The 125th Infantry Division (125. Infanterie-Division) was an infantry division of the Heer, the army of Nazi Germany, in World War II.

== History ==
The 125th Infantry Division was raised on October 5, 1940 as part of the 11th deployment wave, in October 1940, where it remained in Münsingen until April 1941, when it was moved to the Balkans as part of the 2nd Army's 52nd Corps in preparation for Operation Barbarossa, the invasion of the Soviet Union.
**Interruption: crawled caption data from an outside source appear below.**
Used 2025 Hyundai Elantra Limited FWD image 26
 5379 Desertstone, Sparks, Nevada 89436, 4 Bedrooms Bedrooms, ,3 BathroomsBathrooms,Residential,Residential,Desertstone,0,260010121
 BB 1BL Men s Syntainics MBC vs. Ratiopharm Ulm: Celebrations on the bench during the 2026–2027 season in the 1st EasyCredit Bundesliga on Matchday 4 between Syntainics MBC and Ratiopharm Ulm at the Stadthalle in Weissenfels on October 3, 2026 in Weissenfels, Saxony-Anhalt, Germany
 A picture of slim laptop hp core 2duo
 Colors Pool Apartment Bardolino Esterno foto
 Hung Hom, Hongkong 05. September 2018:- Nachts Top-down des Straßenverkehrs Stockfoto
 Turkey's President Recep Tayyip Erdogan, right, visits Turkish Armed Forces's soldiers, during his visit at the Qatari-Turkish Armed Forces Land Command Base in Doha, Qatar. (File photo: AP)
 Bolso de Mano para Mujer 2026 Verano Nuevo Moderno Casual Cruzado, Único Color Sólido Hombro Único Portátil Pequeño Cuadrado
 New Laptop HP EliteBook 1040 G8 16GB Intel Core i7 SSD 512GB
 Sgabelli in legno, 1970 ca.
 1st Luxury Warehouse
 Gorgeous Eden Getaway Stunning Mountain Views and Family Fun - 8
The following June, the Army attacked through the Ukrainian SSR.

=== Barbarossa ===
Moving to the front from Austria, where the division was registered with Höheres Kommando XXXIV, it was now organized into the 17th Army, part of Army Group South. For the remainder of the year the 125th Division stayed with Army Group South in Ukraine, assisting in both the battles at Uman and Kiev.

=== Case Blue ===
In July 1942 the division returned to the 17th Army from the 1st Panzer Army, now as Army Group A's 5th Corps, as it began an assault on the Black Sea city of Novorossiysk. Moving into the Caucasus, the division, along with the 3rd Romanian Army, served under Colonel-General Richard Ruoff in "Army Group Ruoff". Outside Rostov, Ruoff's forces were joined by the 5th SS-Panzer Regiment. Quickly eliminating the Soviets in Rostov, the division made its way into the outskirts of Krasnodar, some 300 kilometers away, in just over two weeks. Pushed back in the winter again, the division retreated to Ukraine.

=== Capitulation ===
Throughout the majority of 1943, the 125th remained along the Caucasian city Novorossiysk with the 17th Army before being transferred to Kuban in May. Despite some successes in Kuban with the Romanian units, the 125th was pulled back into the Lower Dnieper Sector. By October, 1943, the division was under heavy fire from Soviet forces in the Crimea, evident by five Tiger tanks being sent to their assistance on 2 October, and a group of the 653rd Heavy Tank Destroyer Battalion's Elefants a week later. Pulled back to Nikopol in Ukraine with the 6th Army, the division came under further fire, eventually losing its distinction as a division, referred to instead as "divisiongruppe 125".

=== Aftermath ===
The remnants of the 125th were incorporated into the 302nd Infantry Division, becoming part of the 420th Grenadier Regiment, which only lasted until August, when the division met its own end in Romania. Lieutenant General Friebe, on the other hand, was moved over to the 22nd Air Landing Division, where it was crushed by Titoist partisans in Yugoslavia.